The film turned out to be the darling at a sluggish Sundance this year, and was picked up for $10 million by Focus Features after a bidding war, making it the highest price paid for a Sundance film after Little Miss Sunshine. The role of Dana could prove to be a breakout performance for British comedian and thesp Steve Coogan, who is perhaps best known stateside for British indies like 24 Hour Party People and his role as the doomed director in this summer's smash Tropic Thunder.

In this exclusive, Coogan discusses the art of striking that balance between laughable naivety and cutting cynicism, the "horseshit" on the Internet, and why John Wayne's portrayal of a Roman centurion is one of greatest moments in cinematic history.
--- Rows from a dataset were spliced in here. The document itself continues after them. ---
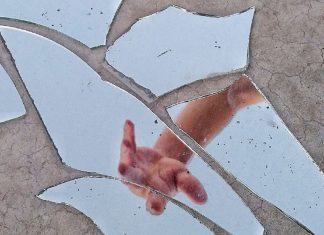 La sortie de la pensée fragmentée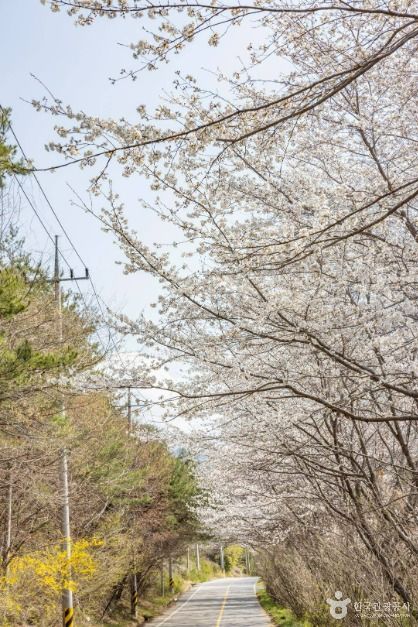 낙안읍성 벚꽃길 여행 추천 - 메고지고 낙안읍성 벚꽃길 여행 추천 - 메고지고
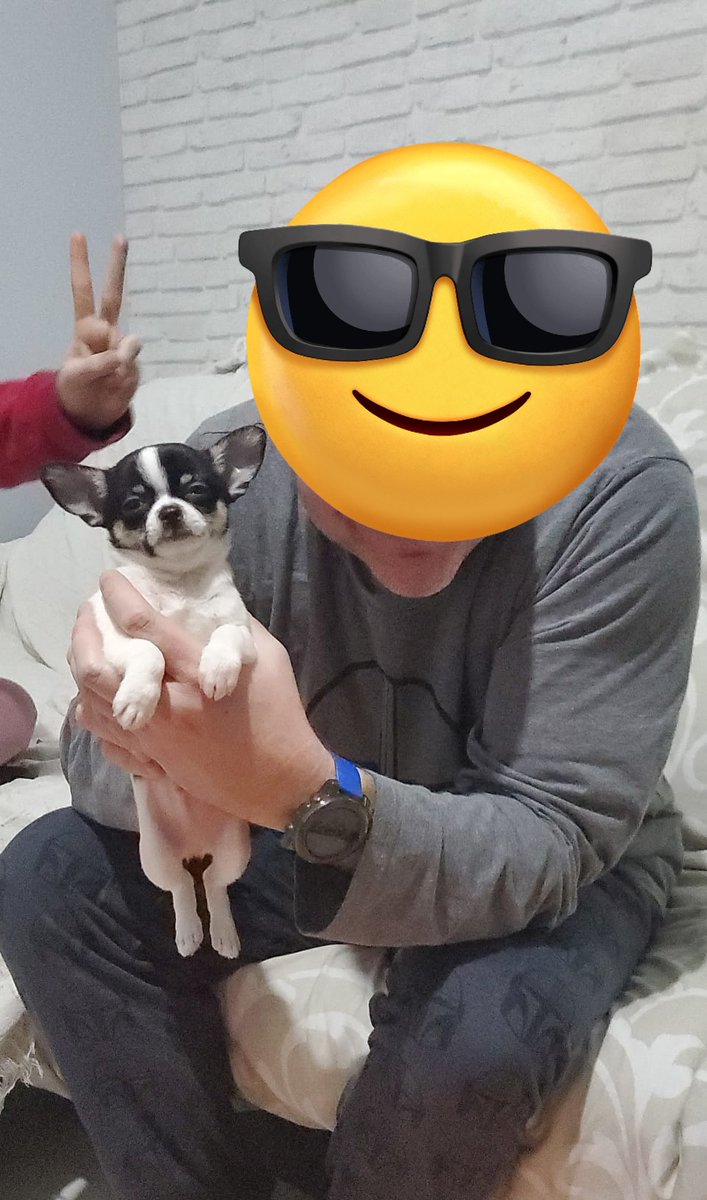 GonzalezLosana's tweet image. Hoy me han recordado esta foto y de cuando llegó mi #Jango(Fett) a casa,🤤🤤🤤🤤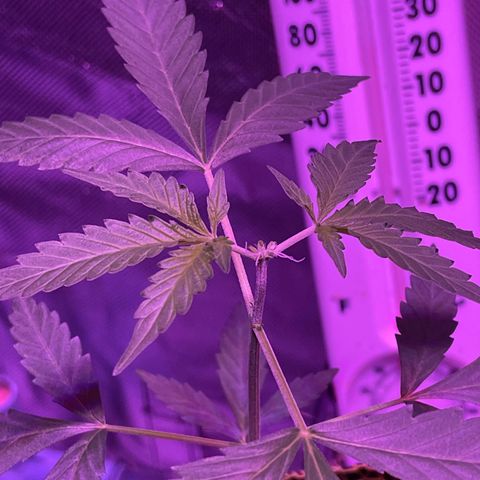 Haze XL growlog photo: 12:00pm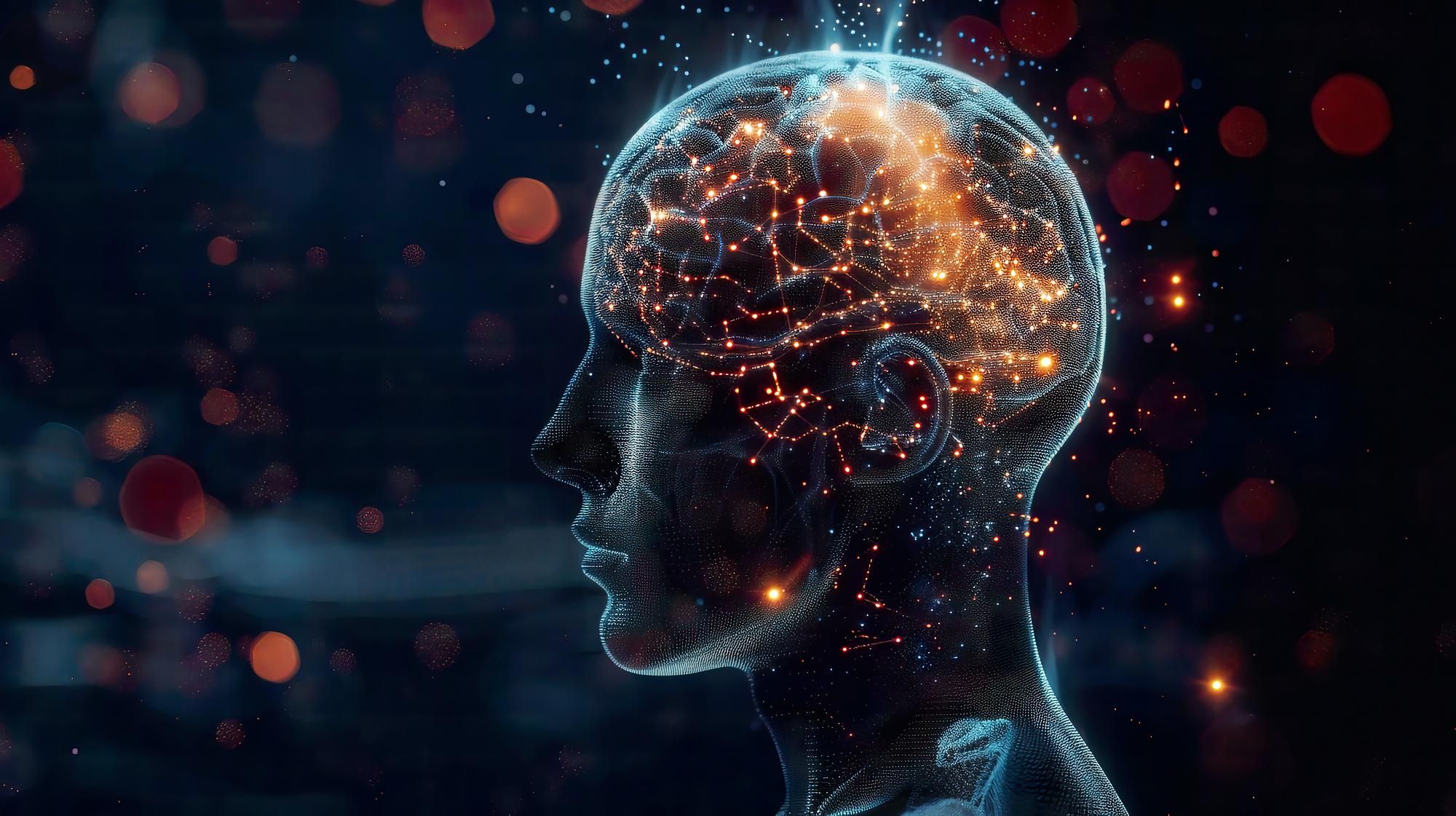 Recreación de una cabeza y de un cerebro humanos.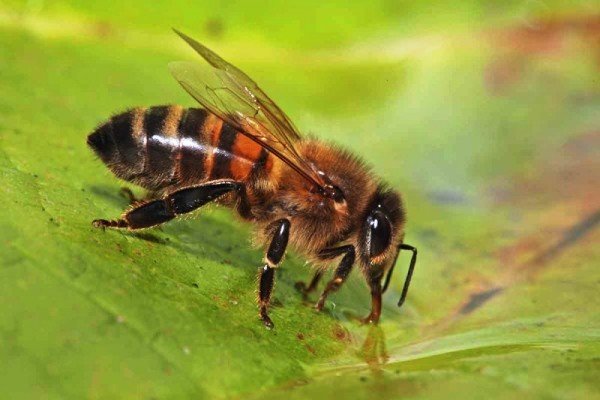 تحقیق و پژوهش در مورد زنبورها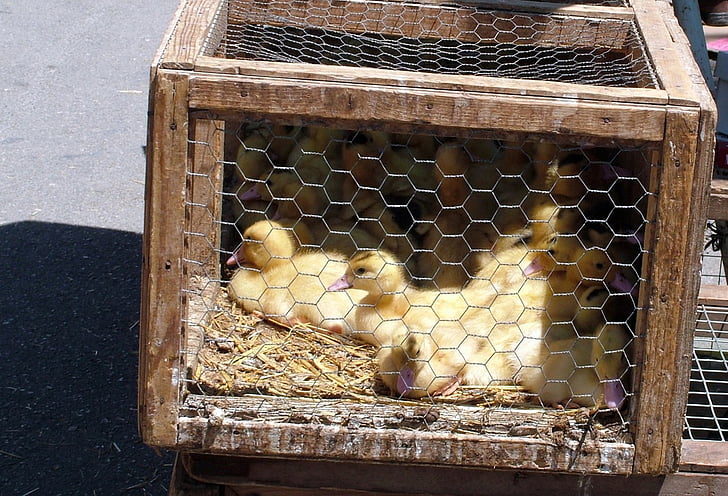 chicks, ducklings, bird, market, waterfowl, caged, newborn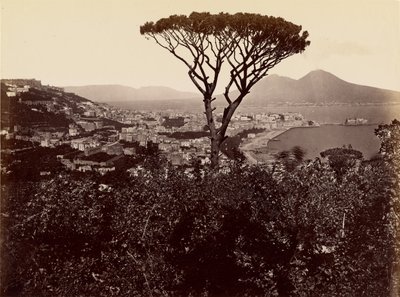 Nápolyi panoráma alkotó: James Anderson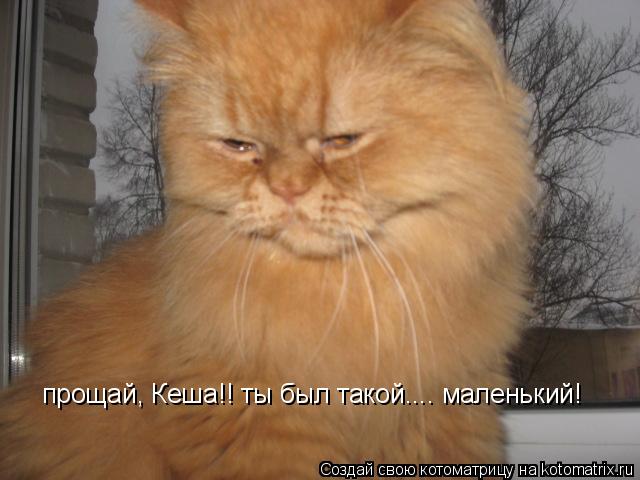 прощай, Кеша!! ты был такой.... маленький!... Котоматрица: прощай, Кеша!! ты был такой.... маленький!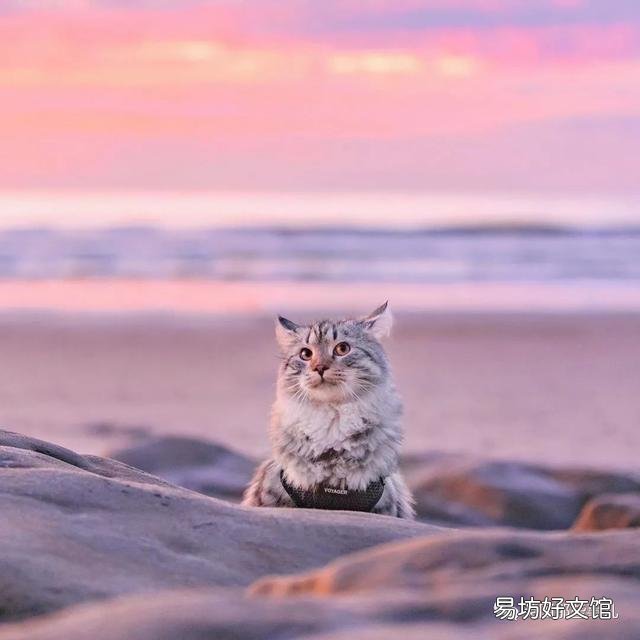 大尾巴猫是什么品种(大尾巴猫是啥品种)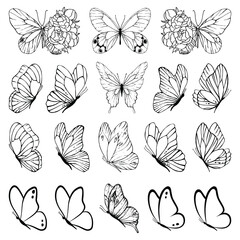 Set of black and white line butterflies. Collection of butterflies. Vector illustration. Butterflies clipart. Baby shower design elements. Party invitation, birthday celebration. Spring, summer decor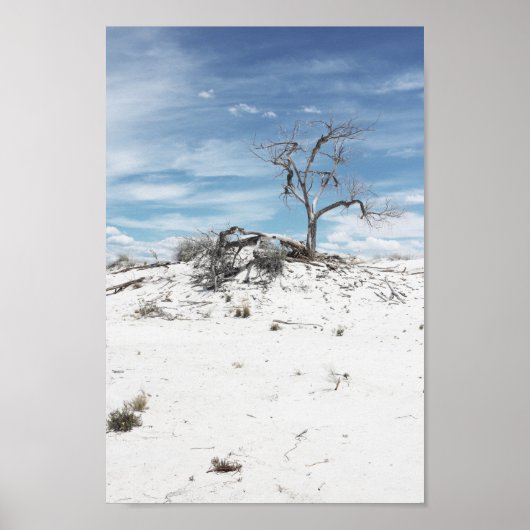 National Park Foto White Sands Zion Poster (Vorne)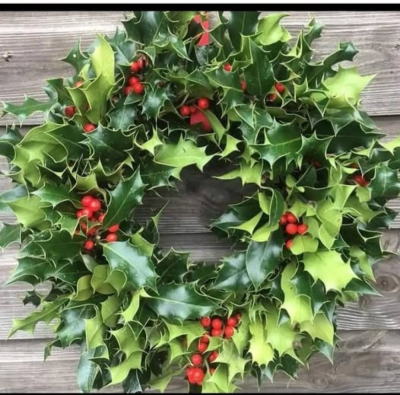 REAL HOLY WREATH - CHRISTMAS HOLY WREATHS PERFECT FOR LAYING DOWN AT THE CEMETRY AVAILABLE FROM 29/11/25 ADVISE WHAT COLOUR BOW YOU REQUIRE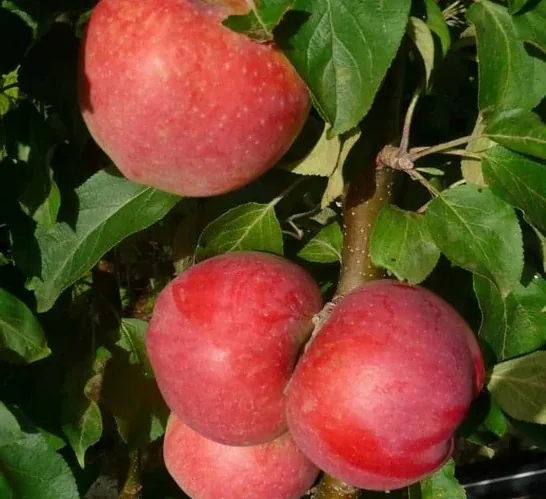 Baiba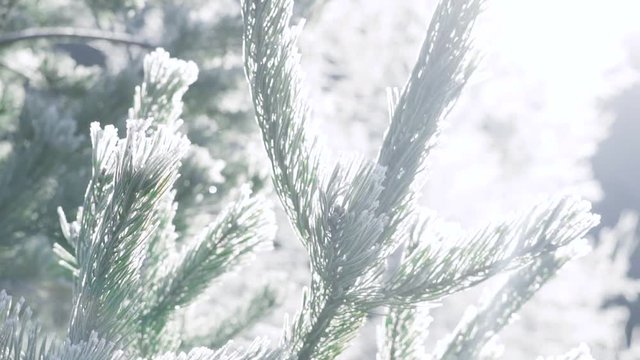Winter Wonderland, frozen nature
For the uninitiated or for those who flunked Shakespeare in high school and think they are going to see a film based on something by the Bard or like Rosencrantz & Guildenstern Are Dead, how would you describe this film?
It has pretty much nothing to do with Shakespeare, and please don't be put off by the fact that it's called Hamlet 2. It is more of a satire of an inspirational teaching movie that becomes an inspirational teaching movie, and [it's] a comedy. That is a simple way of describing it.

The film turns the convention of the white teacher coming to the underfunded inner-city neighborhood to inspire and save them on its head. It's almost as if it is the kids who save a lost, drowning man. Would you agree?
I think that is absolutely right. No one has pointed that out before: that they save him. Yes, that is right. They are not caricatures. He has seen inspirational teaching movies and likes to think that he is living an inspirational teaching movie. And of course, life isn't as straightforward as "they have no hope and he saves them" in that kind of savior-like way. He's somebody who is just trying to do the right thing, but he mythologizes himself. Like the scene where one of the kids [is shown to have] quite upper middle class parents [who are] academic. [The kids] are really not that deadbeat. They are more just ambivalent and a bit bored, like most young kids.